Task item: Beneath this instruction is a listing. Transcribe from it only the stretch from the line with "L*uis V*itton Trainer" through the line with "Ссылка на видео", both end lines included, exactly as written.

[[ Provided data open ]]

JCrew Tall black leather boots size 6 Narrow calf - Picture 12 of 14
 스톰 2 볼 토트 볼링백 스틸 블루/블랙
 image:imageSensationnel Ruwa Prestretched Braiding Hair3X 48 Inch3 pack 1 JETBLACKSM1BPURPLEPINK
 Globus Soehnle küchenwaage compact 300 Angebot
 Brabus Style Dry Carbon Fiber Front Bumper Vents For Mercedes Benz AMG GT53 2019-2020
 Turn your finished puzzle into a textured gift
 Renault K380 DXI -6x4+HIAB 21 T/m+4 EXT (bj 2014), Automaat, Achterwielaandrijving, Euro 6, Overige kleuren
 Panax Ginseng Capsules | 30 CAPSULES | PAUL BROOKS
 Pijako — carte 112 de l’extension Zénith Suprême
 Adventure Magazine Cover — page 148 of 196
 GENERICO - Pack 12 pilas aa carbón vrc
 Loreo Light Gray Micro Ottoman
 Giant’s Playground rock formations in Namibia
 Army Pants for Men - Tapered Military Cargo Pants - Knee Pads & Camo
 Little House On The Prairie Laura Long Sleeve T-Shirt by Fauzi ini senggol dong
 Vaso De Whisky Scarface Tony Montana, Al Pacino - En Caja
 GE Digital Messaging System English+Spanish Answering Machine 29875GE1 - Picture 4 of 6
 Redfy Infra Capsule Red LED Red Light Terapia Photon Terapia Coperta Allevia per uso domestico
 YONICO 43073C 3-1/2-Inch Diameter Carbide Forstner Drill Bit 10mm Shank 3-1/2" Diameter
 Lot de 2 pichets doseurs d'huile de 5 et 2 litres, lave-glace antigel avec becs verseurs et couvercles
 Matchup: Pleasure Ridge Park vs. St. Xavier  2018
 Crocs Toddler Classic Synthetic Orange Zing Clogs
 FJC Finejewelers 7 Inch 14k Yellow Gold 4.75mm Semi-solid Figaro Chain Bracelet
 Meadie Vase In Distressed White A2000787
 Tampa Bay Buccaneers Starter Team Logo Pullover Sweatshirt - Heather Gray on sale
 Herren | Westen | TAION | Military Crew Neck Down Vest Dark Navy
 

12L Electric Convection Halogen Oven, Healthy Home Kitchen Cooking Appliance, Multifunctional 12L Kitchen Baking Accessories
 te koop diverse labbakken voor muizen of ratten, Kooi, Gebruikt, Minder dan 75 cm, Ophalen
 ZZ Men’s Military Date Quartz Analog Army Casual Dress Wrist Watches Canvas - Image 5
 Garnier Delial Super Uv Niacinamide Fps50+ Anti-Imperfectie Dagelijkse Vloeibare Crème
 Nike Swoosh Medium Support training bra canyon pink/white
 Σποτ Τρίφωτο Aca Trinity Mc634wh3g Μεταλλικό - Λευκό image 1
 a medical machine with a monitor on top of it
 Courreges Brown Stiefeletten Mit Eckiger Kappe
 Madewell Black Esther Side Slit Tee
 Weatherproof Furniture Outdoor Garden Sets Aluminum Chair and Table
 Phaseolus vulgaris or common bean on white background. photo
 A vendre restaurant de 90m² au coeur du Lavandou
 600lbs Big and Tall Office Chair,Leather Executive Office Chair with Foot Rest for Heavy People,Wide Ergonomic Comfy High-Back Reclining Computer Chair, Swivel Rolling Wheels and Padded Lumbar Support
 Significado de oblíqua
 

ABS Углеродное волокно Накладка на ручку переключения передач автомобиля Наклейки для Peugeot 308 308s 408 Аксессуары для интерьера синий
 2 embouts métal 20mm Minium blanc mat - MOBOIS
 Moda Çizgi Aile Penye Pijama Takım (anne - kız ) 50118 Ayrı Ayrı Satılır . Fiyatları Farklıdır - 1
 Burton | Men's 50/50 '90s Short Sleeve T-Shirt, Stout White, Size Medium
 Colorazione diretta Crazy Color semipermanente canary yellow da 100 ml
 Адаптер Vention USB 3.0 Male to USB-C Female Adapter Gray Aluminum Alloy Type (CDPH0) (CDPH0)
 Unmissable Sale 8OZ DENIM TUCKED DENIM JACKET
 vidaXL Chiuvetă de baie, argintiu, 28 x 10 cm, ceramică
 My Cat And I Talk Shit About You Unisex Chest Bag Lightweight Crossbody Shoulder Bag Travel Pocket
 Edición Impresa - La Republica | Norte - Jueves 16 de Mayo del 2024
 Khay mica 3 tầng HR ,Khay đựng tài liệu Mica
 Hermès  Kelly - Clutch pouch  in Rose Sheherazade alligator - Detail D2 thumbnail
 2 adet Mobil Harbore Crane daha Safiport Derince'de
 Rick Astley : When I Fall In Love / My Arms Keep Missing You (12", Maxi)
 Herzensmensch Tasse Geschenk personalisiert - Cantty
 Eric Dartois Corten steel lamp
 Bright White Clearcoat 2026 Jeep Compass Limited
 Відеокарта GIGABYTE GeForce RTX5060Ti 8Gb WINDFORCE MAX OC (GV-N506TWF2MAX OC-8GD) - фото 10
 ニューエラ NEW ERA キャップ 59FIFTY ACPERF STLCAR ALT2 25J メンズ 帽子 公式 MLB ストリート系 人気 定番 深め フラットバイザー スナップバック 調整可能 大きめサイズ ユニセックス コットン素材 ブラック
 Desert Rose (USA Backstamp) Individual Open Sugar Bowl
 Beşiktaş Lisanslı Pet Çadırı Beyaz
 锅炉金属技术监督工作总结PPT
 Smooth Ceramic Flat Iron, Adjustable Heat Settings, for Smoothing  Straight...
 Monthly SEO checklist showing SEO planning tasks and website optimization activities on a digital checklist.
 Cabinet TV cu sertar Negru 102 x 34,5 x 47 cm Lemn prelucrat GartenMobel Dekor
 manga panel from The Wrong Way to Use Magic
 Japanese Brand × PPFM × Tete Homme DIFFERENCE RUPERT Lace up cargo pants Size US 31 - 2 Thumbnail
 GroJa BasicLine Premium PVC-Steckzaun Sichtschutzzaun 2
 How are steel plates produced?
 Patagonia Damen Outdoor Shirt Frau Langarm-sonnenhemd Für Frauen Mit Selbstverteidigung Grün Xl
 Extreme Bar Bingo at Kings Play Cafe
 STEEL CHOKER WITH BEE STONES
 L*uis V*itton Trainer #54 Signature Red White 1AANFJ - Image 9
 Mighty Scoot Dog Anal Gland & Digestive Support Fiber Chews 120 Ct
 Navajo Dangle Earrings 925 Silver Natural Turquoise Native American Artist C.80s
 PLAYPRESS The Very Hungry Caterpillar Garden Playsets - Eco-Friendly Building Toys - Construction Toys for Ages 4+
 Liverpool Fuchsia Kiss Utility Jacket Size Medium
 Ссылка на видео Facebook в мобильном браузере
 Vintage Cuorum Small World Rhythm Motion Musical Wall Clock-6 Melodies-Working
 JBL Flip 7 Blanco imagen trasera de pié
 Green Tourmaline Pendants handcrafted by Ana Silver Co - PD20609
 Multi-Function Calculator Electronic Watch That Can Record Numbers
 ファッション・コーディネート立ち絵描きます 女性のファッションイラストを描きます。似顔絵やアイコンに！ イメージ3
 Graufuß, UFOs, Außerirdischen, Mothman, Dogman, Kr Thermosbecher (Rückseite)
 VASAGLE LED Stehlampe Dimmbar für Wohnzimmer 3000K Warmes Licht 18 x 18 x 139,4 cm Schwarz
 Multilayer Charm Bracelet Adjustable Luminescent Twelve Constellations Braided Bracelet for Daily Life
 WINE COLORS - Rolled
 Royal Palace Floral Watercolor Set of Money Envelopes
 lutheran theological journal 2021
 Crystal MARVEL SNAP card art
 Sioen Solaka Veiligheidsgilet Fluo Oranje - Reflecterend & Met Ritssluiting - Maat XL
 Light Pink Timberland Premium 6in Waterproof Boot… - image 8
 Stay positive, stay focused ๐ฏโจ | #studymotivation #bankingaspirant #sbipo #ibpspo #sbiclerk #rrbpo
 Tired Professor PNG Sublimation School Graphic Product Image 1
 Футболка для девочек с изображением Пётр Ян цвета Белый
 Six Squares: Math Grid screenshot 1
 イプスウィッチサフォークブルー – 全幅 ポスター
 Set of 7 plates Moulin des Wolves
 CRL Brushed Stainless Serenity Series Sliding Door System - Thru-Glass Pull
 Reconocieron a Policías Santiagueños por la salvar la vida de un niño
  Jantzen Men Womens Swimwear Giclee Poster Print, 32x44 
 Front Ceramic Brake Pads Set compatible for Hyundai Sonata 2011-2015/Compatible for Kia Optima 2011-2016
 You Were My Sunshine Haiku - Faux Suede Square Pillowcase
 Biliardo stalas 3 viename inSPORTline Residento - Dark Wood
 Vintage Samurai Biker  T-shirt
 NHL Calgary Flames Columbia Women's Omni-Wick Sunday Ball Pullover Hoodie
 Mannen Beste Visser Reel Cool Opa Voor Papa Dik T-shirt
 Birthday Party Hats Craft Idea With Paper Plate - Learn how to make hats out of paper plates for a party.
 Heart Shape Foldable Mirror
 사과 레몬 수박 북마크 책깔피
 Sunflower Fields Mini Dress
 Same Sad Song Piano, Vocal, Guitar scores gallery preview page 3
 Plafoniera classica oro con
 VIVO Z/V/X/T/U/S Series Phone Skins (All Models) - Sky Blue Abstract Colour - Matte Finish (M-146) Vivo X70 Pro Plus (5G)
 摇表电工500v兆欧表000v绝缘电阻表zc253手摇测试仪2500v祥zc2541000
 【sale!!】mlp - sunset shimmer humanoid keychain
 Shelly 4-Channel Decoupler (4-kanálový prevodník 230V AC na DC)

[[ Provided data closed ]]

Response area:
 L*uis V*itton Trainer #54 Signature Red White 1AANFJ - Image 9
 Mighty Scoot Dog Anal Gland & Digestive Support Fiber Chews 120 Ct
 Navajo Dangle Earrings 925 Silver Natural Turquoise Native American Artist C.80s
 PLAYPRESS The Very Hungry Caterpillar Garden Playsets - Eco-Friendly Building Toys - Construction Toys for Ages 4+
 Liverpool Fuchsia Kiss Utility Jacket Size Medium
 Ссылка на видео Facebook в мобильном браузере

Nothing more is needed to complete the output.